New York is among 45 states that signed on to teaching a new, more rigorous curriculum called the Common Core. The general idea is two-fold: raise the standard of information that students must know, and create consistency across the public education landscape to help the US remain competitive in a global economy.
Seventh-grade students learning math in Chicago’s schools, for example, should be able to come to the Greece schools with the same level of understanding because they've been taught the same curriculum.
But many educators have concerns about whether the Common Core is being implemented properly, and if it is being implemented too soon.
A recent study by the University of Rochester, Western Michigan University, Michigan State University, and Washington State University Tri-Cities indicates that some of those concerns are warranted.
The researchers found that more support and resources are needed in order for educators to put the state standards for the math portion of the core curriculum into practice. After surveying 403 middle school math teachers in 43 states, the researchers found that while the teachers are familiar with the new math curriculum and they perceived it to be more rigorous than the state standards it replaces, the teachers needed more help and preparation to teach it to their students.
Many of the teachers are still using textbooks and other materials created before the new curriculum was developed.
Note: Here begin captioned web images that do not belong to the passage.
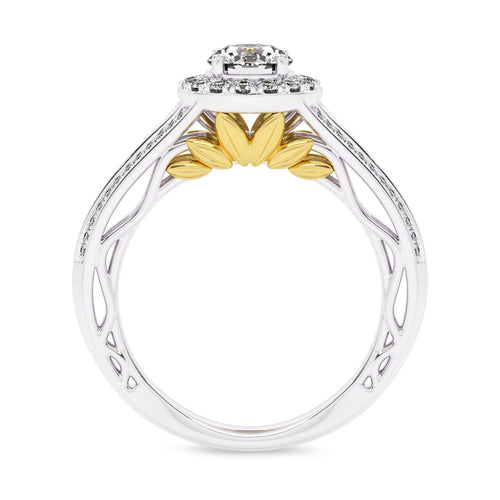 7/8 CT. Lab Created Round Diamond Studded Halo Engagement Ring with Split Shank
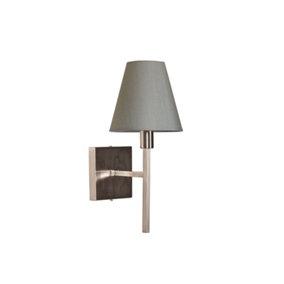 Elstead Lucerne 1 Light Wall Light, Brushed Nickel with Grey Shade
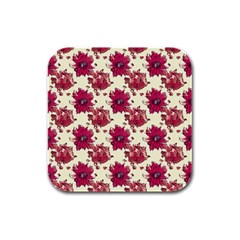 Retro 1880s Flowers Pattern 21 Rubber Square Coaster (4 Pack)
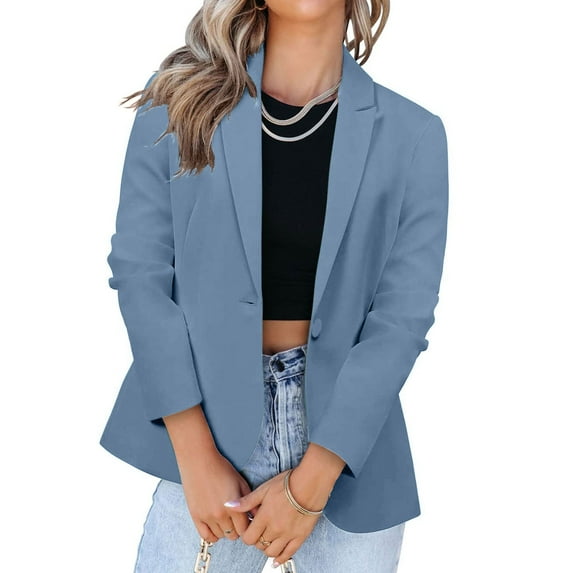 CaComMARK PI Women's Casual Lightweight Blazer Jackets Suit Long Sleeve Solid Open Front with Button Pockets for Business office Free Shipping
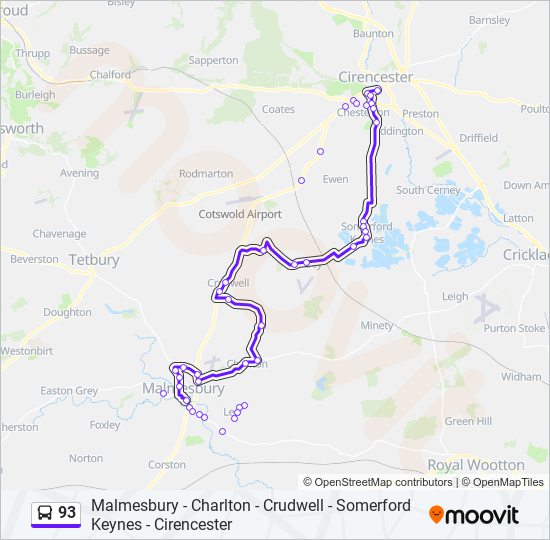 Bus 93 Route Map 93 Route: Schedules, Stops & Maps - Cirencester (Updated)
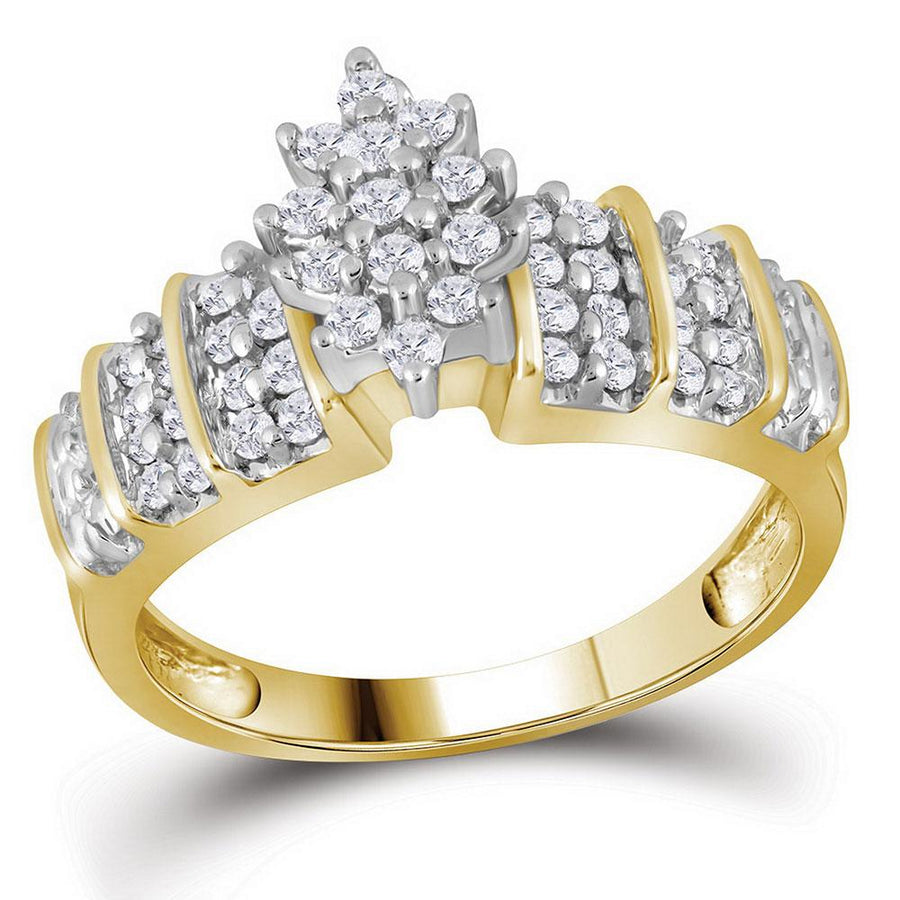 10kt Yellow Gold Womens Round Diamond Marquise-shape Cluster Ring 1/2 Cttw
Many teachers, according to the research, also would benefit from more professional development so they can be more effective in the classroom.
The research is especially important to educators, since teachers and principals in many states — including New York— will receive professional evaluations linked to test results.
Educators and their unions say that it’s too early to begin evaluating teachers when the Common Core curriculum is still being implemented, and some have sought delays in the evaluations.
“The teachers are feeling this is a big deal and it’s going to be hard to do, and they haven’t been fully prepared,” says Jeffrey Choppin, associate professor at the UR’s Warner School of Education.